In comparison to the previously published nine cases on 17q23.1q23.2 microdeletion, our patient showed no evidence of ASD, PDA, pulmonary artery hypertension, ossification or mineralization defects, or hearing loss. However, despite early normal Echos, the patient was diagnosed with left branch pulmonary stenosis at six weeks of age. The current case presented with long, thin fingers and microcephaly similar to findings in previously reported cases. New findings within the current case include microcephaly, micrognathia, ankyloglossia, small mouth, high arch palate, glandular hypospadias, and thrombocytopenia. He presented with hypotonia, poor feeding, poor weight gain in the first week of life followed by hypertonia, and tremors from the second week of life. Neurology managed the hypertonia and tremors, and Urology the glandular hypospadias. The other male case presented with a shawled scrotum [1]. In comparison to a previously published case on 11p11.2q13.4 [16], our patient presented with hypertonia, microcephaly, high arched palate, and startle reflex at two months. In conclusion, the current case presented both new and typical features of the 17q23.1q23.2 microdeletion syndrome and identified homozygosity of 11p11.2q13.4 at an early stage.

The authors speculate that heterogeneity in the microdeletion breakpoint may partially explain variations across phenotypes of these cases. Furthermore, genetic associations may exist that are not yet discovered within 17q23.1q23.2 microdeletion syndrome, or interval deletions in this genetic region. As such, additional characteristics related to our patient’s microdeletion may occur later in development. For example, a genome linkage analysis discovered loci associated with Multiple Sclerosis (MS) in the 17q23.1q23.2 microdeletion region [15]. Cases with 17q23.1q23.2 microdeletion syndrome potentially alter the risk of developing MS throughout the lifespan as compared to the general population.

The mode of inheritance of 17q23.1q23.2 microdeletion syndrome remains undetermined. A case series identified de novo 17q23.1q23.2 microdeletion based on parental fluorescent in situ hybridization genotyping results in five of seven individuals [1]. In a single case, the microdeletion presented as de novo mutation [2]. Another case identified the de novo 17q23.1q23.2 microdeletion on maternally inherited chromosomes [3]. Parental microarray was recommended, however, it was not performed in the patient's family.

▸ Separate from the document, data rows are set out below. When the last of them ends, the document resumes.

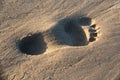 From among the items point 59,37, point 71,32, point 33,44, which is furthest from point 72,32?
point 33,44

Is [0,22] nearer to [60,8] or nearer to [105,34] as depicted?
[60,8]

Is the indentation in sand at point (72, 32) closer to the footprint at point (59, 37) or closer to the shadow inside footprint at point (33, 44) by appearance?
the footprint at point (59, 37)

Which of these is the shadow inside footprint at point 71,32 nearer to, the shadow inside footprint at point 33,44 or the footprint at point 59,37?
the footprint at point 59,37

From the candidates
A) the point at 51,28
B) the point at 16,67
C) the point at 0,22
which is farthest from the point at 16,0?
the point at 16,67

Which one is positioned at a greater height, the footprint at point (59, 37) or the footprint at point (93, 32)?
the footprint at point (59, 37)

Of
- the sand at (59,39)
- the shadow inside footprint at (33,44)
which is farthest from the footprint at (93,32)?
the shadow inside footprint at (33,44)

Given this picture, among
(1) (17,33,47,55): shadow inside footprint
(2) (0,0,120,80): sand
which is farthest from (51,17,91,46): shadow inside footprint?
(1) (17,33,47,55): shadow inside footprint

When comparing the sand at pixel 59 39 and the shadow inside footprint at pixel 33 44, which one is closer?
the sand at pixel 59 39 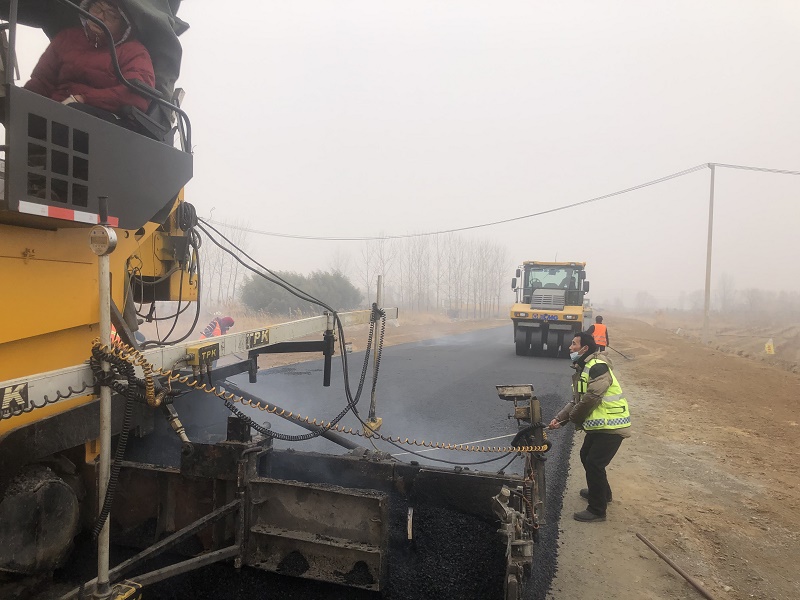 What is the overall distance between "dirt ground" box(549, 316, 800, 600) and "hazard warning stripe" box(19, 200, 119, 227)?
11.4 feet

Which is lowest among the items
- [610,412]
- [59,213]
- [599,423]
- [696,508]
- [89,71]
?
[696,508]

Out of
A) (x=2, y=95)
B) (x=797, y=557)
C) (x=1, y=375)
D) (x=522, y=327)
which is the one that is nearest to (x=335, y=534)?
(x=1, y=375)

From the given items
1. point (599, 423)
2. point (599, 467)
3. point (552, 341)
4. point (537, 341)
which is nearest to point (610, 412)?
point (599, 423)

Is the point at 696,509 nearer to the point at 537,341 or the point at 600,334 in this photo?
the point at 600,334

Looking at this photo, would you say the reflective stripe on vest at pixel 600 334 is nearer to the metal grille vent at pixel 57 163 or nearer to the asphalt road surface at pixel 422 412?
the asphalt road surface at pixel 422 412

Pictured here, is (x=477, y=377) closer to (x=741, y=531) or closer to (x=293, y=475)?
(x=741, y=531)

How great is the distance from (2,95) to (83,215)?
1.73 ft

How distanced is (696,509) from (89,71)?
588cm

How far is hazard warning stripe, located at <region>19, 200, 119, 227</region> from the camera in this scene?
6.52ft

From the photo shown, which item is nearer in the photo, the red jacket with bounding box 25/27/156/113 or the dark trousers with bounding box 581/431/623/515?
the red jacket with bounding box 25/27/156/113

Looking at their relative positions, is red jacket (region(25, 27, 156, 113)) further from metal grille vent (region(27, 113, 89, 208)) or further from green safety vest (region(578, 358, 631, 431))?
green safety vest (region(578, 358, 631, 431))

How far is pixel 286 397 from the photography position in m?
8.42

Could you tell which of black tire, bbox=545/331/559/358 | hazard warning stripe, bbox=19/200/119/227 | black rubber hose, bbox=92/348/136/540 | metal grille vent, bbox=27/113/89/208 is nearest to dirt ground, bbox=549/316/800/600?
black rubber hose, bbox=92/348/136/540

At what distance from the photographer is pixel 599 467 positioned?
473 cm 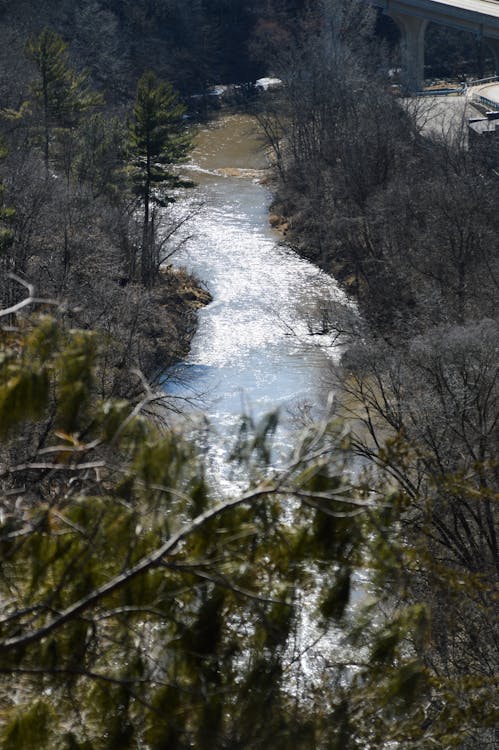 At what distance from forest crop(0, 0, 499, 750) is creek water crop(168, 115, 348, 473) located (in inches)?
36.3

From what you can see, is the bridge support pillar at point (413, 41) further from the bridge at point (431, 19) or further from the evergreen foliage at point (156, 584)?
the evergreen foliage at point (156, 584)

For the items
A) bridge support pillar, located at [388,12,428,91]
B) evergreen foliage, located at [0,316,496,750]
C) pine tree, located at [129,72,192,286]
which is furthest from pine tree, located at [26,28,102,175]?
evergreen foliage, located at [0,316,496,750]

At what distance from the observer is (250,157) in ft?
187

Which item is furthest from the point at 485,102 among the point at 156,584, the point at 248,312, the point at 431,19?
the point at 156,584

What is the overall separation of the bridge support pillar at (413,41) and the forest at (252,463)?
7626 millimetres

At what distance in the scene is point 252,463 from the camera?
765cm

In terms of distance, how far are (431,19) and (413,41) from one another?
99.8 inches

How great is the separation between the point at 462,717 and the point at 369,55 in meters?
57.3

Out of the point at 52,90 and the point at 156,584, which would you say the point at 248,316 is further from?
the point at 156,584

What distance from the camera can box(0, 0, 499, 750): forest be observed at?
6.54 m

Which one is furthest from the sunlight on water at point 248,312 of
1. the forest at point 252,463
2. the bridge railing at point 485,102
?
the bridge railing at point 485,102

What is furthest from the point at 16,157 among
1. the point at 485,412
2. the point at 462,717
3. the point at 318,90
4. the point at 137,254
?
the point at 462,717

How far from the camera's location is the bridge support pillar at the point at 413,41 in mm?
61906

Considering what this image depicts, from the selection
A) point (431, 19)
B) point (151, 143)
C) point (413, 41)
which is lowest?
point (151, 143) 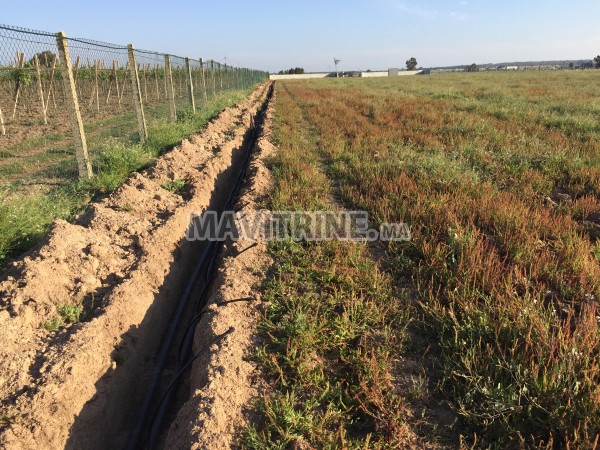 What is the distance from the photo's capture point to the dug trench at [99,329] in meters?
2.73

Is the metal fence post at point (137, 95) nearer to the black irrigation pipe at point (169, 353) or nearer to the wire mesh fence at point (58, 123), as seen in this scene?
the wire mesh fence at point (58, 123)

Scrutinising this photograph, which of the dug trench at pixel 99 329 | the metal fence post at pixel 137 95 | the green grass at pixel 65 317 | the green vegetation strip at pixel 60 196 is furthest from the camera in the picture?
the metal fence post at pixel 137 95

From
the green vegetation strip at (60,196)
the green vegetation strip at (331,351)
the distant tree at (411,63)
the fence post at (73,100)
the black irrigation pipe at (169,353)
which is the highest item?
the distant tree at (411,63)

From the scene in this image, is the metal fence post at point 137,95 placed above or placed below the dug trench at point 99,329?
above

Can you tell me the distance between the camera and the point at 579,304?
3.41 meters

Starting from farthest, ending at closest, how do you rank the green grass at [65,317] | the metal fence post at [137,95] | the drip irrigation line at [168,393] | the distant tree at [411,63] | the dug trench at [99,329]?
1. the distant tree at [411,63]
2. the metal fence post at [137,95]
3. the green grass at [65,317]
4. the drip irrigation line at [168,393]
5. the dug trench at [99,329]

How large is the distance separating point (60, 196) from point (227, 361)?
15.5 feet

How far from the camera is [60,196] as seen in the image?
6.09 meters

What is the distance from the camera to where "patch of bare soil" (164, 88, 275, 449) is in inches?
95.3

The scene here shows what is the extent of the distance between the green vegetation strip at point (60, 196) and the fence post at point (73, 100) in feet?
0.91

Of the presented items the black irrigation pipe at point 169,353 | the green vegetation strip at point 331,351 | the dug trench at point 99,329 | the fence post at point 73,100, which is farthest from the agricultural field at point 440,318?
the fence post at point 73,100

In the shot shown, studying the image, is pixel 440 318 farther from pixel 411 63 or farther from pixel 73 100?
pixel 411 63

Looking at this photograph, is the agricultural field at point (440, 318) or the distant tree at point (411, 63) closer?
the agricultural field at point (440, 318)

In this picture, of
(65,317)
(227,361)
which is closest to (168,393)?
(227,361) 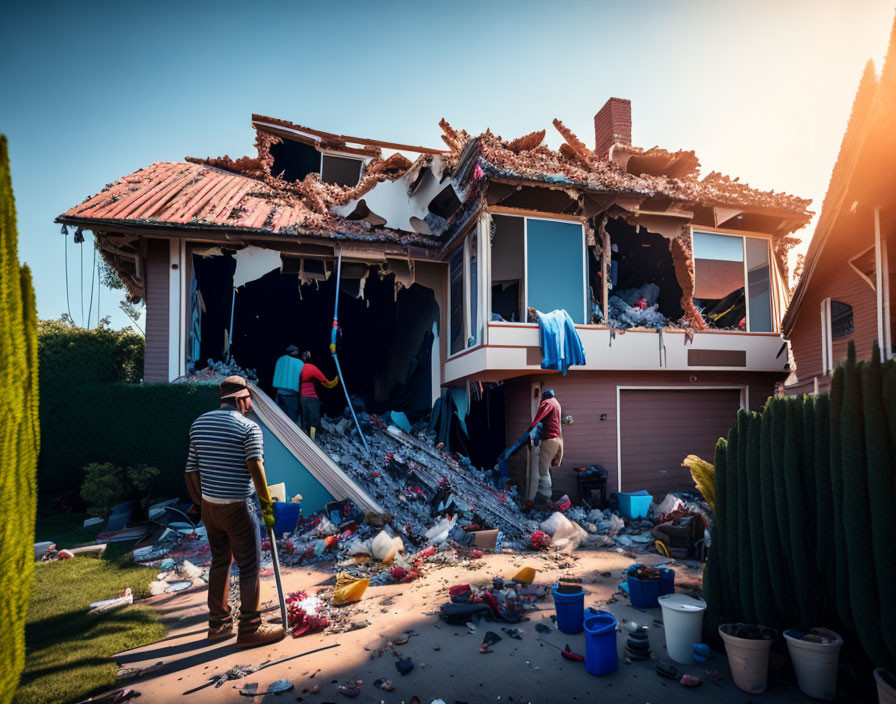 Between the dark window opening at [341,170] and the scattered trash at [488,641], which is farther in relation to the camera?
the dark window opening at [341,170]

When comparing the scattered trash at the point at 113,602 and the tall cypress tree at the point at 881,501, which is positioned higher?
the tall cypress tree at the point at 881,501

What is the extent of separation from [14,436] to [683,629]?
13.4 feet

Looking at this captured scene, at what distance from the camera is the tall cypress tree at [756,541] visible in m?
3.46

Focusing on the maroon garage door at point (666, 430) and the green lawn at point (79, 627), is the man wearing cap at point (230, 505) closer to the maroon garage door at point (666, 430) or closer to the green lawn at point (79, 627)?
the green lawn at point (79, 627)

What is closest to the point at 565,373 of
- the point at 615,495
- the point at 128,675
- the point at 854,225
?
the point at 615,495

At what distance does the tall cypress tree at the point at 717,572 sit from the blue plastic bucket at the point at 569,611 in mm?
916

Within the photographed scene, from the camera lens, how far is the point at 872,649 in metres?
2.84

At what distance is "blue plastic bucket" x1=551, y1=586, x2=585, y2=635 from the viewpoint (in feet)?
13.3

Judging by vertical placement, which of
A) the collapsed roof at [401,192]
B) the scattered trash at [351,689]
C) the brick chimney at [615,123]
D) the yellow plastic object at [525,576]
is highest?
the brick chimney at [615,123]

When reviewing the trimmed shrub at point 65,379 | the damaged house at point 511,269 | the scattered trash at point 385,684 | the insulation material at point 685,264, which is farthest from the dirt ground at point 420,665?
the insulation material at point 685,264

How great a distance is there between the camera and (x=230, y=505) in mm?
4027

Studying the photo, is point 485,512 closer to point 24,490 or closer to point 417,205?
point 24,490

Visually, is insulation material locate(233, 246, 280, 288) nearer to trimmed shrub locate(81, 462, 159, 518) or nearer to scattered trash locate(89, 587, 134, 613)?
trimmed shrub locate(81, 462, 159, 518)

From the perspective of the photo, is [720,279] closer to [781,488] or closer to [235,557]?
[781,488] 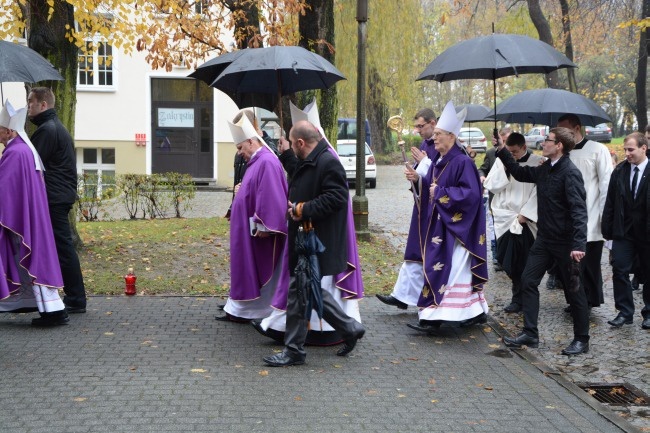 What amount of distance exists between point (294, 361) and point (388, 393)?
97 centimetres

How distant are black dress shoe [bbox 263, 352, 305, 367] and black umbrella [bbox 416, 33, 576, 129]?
10.2 ft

Future research may further characterize 17q23.1q23.2 microdeletion syndrome to potentially generate diagnostic testing guidelines for associated anomalies. Additionally, whole-genome sequencing of patients with this microdeletion may lead to a better understanding of potential gene interaction. The authors anticipate that such knowledge may improve detection, treatment, support, and patient outcomes related to this specific microdeletion syndrome.

Conclusions

The current case highlights a rare genetic microdeletion in a male newborn. As there are only a small number of cases published to date, disease progression and management of this genetic microdeletion remains unclear. The use of advanced genetic screening may diagnose more cases of 17q23.1q23.2 microdeletion in newborns and generate further characterization of the disease. The addition of detailed patient cases may lead to pertinent screening and treatment guidelines may be produced to help patients, families, and their providers manage 17q23.1q23.2 microdeletion syndrome.